Your task
Transcribe the data underneath exactly. No images belong in your version.

The data
-=-=-=-=-
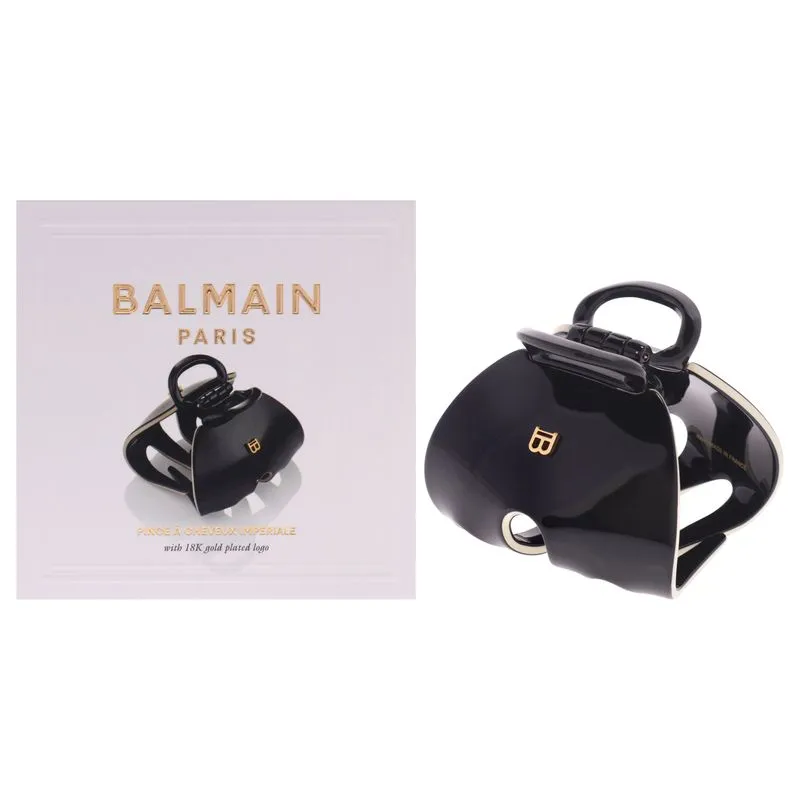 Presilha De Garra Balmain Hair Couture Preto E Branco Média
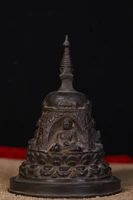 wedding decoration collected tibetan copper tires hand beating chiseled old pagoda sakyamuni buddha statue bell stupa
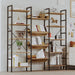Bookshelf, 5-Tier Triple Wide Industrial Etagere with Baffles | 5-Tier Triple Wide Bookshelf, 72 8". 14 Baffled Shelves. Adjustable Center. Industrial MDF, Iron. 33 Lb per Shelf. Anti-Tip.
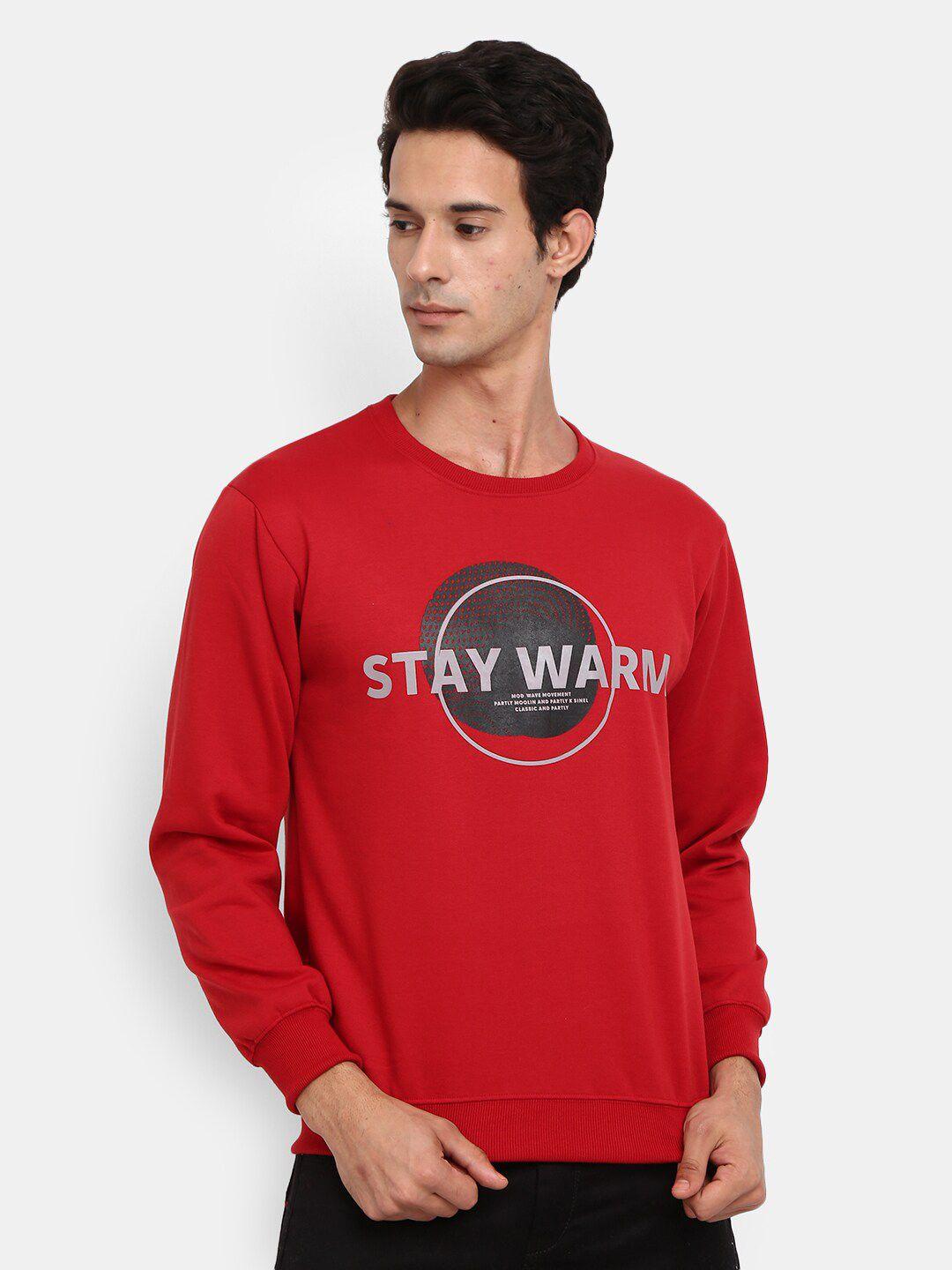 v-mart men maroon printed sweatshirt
-=-=-=-=-
Result for this exercise
 Presilha De Garra Balmain Hair Couture Preto E Branco Média
 wedding decoration collected tibetan copper tires hand beating chiseled old pagoda sakyamuni buddha statue bell stupa
Bookshelf, 5-Tier Triple Wide Industrial Etagere with Baffles | 5-Tier Triple Wide Bookshelf, 72 8". 14 Baffled Shelves. Adjustable Center. Industrial MDF, Iron. 33 Lb per Shelf. Anti-Tip.
 v-mart men maroon printed sweatshirt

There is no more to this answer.